Let’s face it – nothing is ever going to beat lying on a massage couch while someone with skill and healing hands gives you a lovely treatment (looking at you, Lee!) However, the traditional Indian system of lifestyle and healing, Ayurveda, has a wonderful self-care practice called Abhyanga.
Abhyanga (no, I don’t know how to pronounce it either!) is self-massage with oils. Because it’s Ayurveda, there are of course different recommendations for oils to use for the different Doshas – sesame or almond for Vata, olive or coconut for Pitta, and sunflower or sesame for Kapha – but at the moment I’m using up a mix of oils left over from closing my Aromatherapy practice a few months ago. I think there’s fractionated coconut oil (fractionated is treated so that it is liquid at room temperature – it’s a gorgeous, silky oil to use), macadamia and jojoba in there.
If you buy a ready-mixed Dosha massage oil, such as these, they will often have essential oils included in the mix, but you’re going to be bathing or showering immediately after your self-massage so you will really only get the inhalation benefits of these and very little absorption. It certainly adds to the delight of the treatment to have these beautiful aromas though.
So you’ve got your oil ready, what’s next? First of all, warm it to skin temperature. I do that by sitting it in a bowl of hot water for a few minutes. Second, and most important, let everyone else in the house know that you will not be available to meet their needs, requests or demands for the next 20 minutes or so. Then take yourself into your cosy bathroom, lay a fluffy towel on your toilet seat or a stool, disrobe (love that word!) and have a seat.

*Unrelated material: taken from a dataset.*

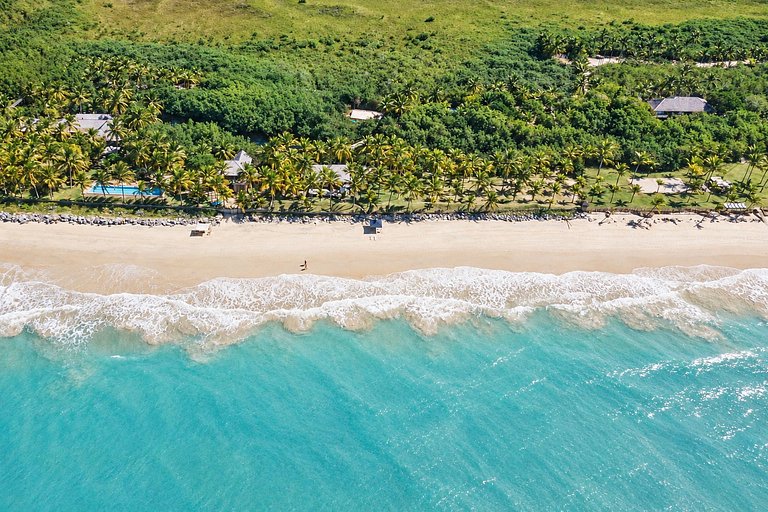 Idyllic seafront villa in Trancoso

Traditionally you start your massage at the top of your head and work down. So pour a little of your oil into your hand and let it drizzle right onto the crown of your head. Give your scalp a good old rub, get the finger tips in there and encourage the skin of your scalp to be not quite so stuck to your skull. Pull your hair as hard or as gently as you like. If you’ve ever had an Indian Head Massage, you’ll have a good idea what to do.
Then, continuing to add oil as you need to, move on to your face. You can stroke quite firmly with your finger tips from the centre of your forehead out to the sides, circle gently round your eye sockets, make little circles at your temples, and stroke over your cheekbones and jaw. Give your ears some attention, inside and out. Earlobes appreciate a bit of a pull.
Continue to work your way down your body. You will be able to do quite vigorous, long strokes on your limbs, and circles round your joints. Go more gently on your torso. Give your decolletage some love, and oil over and around your breasts – this also allows you to check for lumps at the same time. Make big, clockwise circles on your abdomen, that’s the way your digestive system is organised (this is great for constipation, by the way).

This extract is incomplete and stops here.